Commentators who perceive major differences between Iranian “hardliners” and “moderates” often volunteer the warning that the election of a “hardliner” to the Iranian presidency would tilt the country toward nuclear weaponry.  This warning is sometimes accompanied by another: The US should avoid acting harshly toward Tehran lest a hardliner be elected. 

Without discounting the fact that Iran has politics and politicians displaying varying degrees of pragmatism versus dogma, one should not ignore the decisive power of the Supreme Leader—power that is close to absolute irrespective of who fills the presidency. During the Iran-Contra days in the mid-1980s, the Ronald Reagan administration faced withering criticism for putting stock operationally in the “hardliner” versus “moderate” dichotomy. Over three decades later, prominent Iranian “moderates” often dispatched to meet informally with Americans have no qualms at all in upholding and celebrating Tehran’s advances in Lebanon, Syria, Iraq, and Yemen—advances that have helped wreck countries and terrorize their inhabitants.

The just-released 2021 Annual Threat Assessment of the US Intelligence Community is silent on this issue of supposed significant policy differences—as opposed to differing methodological approaches—among supporters of clerical rule. It is also silent on the question of whether Iran intends to field nuclear weapons under any circumstances—short, perhaps, of a perceived imminent regime change threat.  Naturally, the old intelligence truism applies here: One may reliably and objectively measure capabilities, but not intentions. Still, estimating intent is the obligatory heavy intellectual lifting required of useful intelligence analysis; estimates that policymakers ideally read and reflect upon.

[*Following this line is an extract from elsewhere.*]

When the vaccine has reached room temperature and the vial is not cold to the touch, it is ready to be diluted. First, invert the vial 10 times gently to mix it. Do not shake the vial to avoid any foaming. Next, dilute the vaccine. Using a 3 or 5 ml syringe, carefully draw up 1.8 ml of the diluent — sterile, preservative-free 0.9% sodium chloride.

If, for example, the American intelligence community estimates that Iran will likely not go militarily nuclear short a perceived imminent regime change threat, then what would be the point of pressing to restore a nuclear accord that would unlock vital funding for violently destabilizing Iranian operations in the Middle East and beyond? Might it be better and potentially more productive to focus instead on those operations and on sanctions relief contingent on changes?  True, some observers assure us that Iran only reacts to the initiatives of others in the region. But is militant group Hezbollah’s imprisonment of Lebanon a defensive operation? Is Iranian support of Bashar al-Assad’s war crimes in Syria an exercise in Iranian self-defense? 

Indeed, the 2021 Annual Threat Assessment, while acknowledging that Iran sees itself locked in a struggle with the US and feeling threatened, does not portray the clerical regime as acting defensively. It specifies that:

  • “Iran will remain a problematic actor in Iraq.”
  • “Iran is determined to maintain influence in Syria.”
  • “Iran will remain a destabilizing force in Yemen.”
  • “Tehran remains a threat to Israel, both directly through its missile forces and indirectly through its support of [Hezbollah] and other terrorist groups.”
  • “Iran will hedge its bets in Afghanistan, and its actions may threaten instability.” 

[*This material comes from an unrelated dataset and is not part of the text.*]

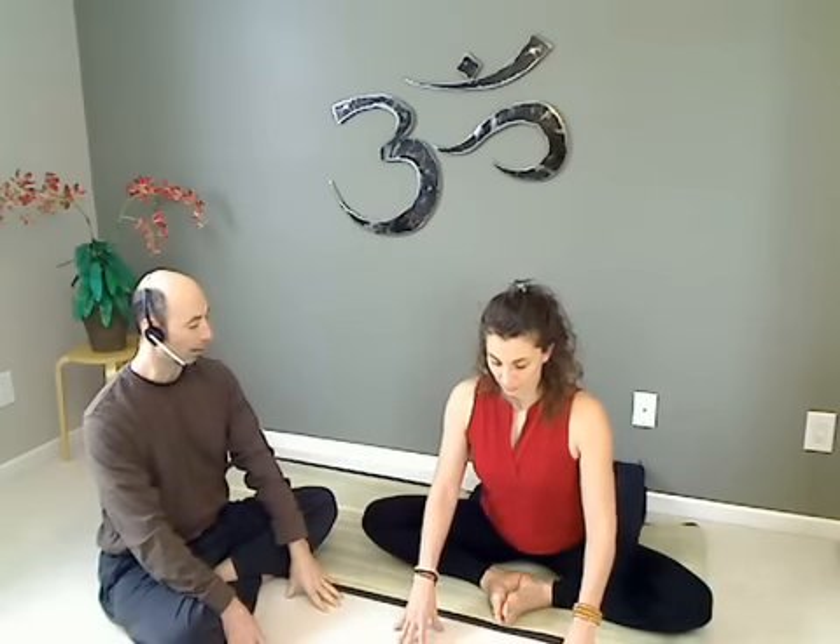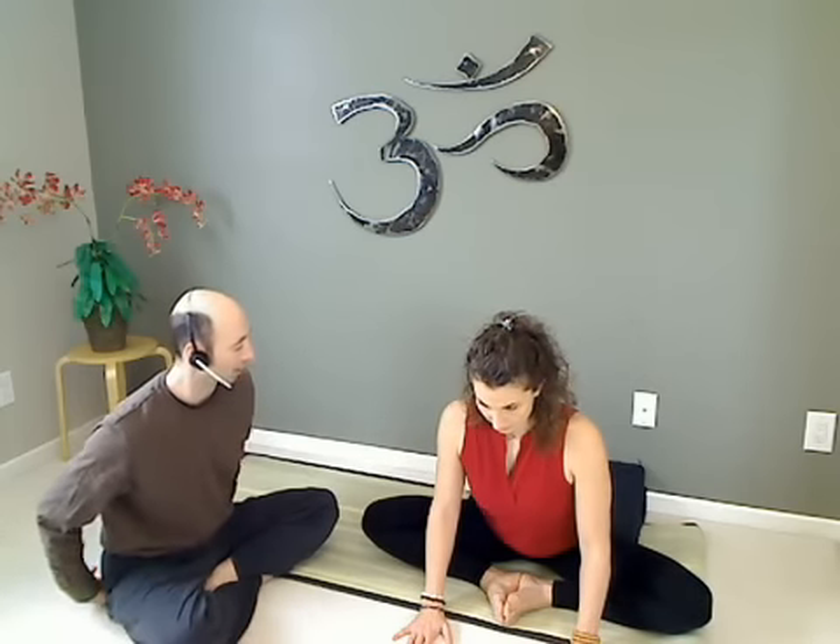And if you'd like to take this to a forward fold, you can move the hands forward to help support the upper body. Folding forward into the hip joint, moving from the sit bones, rolling forward slightly.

In sum, Iran “will continue to pose a threat to US and allied interests in the region for the foreseeable future.”

Does the intelligence community now assess—as President Barack Obama once hoped—that a nuclear deal with Iran would ultimately change Tehran’s regional behavior for the better and perhaps even mitigate violent, corrupt rule within Iran itself? Does it assess that Iran intends to field nuclear warheads if the JCPOA is not revived and sanctions relief not forthcoming? 

A recent article by the Brooking Institution’s Paul R. Pillar in The National Interest makes an interesting central point: “We know that Iran has had an interest in nuclear weapons, given some weapons design work that was ongoing some twenty years ago. Then during the decade of the aughts, that work stopped and Iran made diplomatic overtures to the United States about constraining its nuclear activities in return for sanctions relief. The only plausible interpretation of that development and of the Iranian actions that followed is that Iranian leaders calculated that it was better to be non-nuclear-weapon state fully integrated into the international community and global economy than to be a nuclear-armed but heavily sanctioned pariah.” Yet is it possible or even probable that a regionally aggressive Iran could remain a heavily sanctioned but non-nuclear pariah? 

Pillar was responding to an essay arguing, inaccurately in his view, that Iran would use sanctions relief derived from a renewed JCPOA to build a prosperous economy that would finance the eventual production of nuclear weapons. Yet, in countering that argument, Pillar opened the door to an interesting question: Does the preservation and perpetuation of Iran’s non-nuclear military status depend on renewing the JCPOA and removing sanctions?

Israel takes the view, perhaps based on sound intelligence, that Tehran is determined ultimately to mount nuclear warheads atop ballistic missiles; that the JCPOA gave Iran and may again give the country a gold-plated pathway to that end. Indeed, during my abortive Israel-Syria peace mediation over a decade ago, Prime Minister Benjamin Netanyahu told me more than once there would be no prospect for peace with anyone—especially with Syria—if Iran succeeded in going nuclear. Everyone, according to Netanyahu, would go with the “winner:” Iran.

Nevertheless, is it conceivable that Iran’s modus operandi in the Arab world—whether it is aggressive or, as Pillar and others would argue, merely reactive to the moves of others—obliges it to remain non-nuclear? Would the resurrection of the nuclear accord amount to paying Iran not to do what it does not wish to do anyway?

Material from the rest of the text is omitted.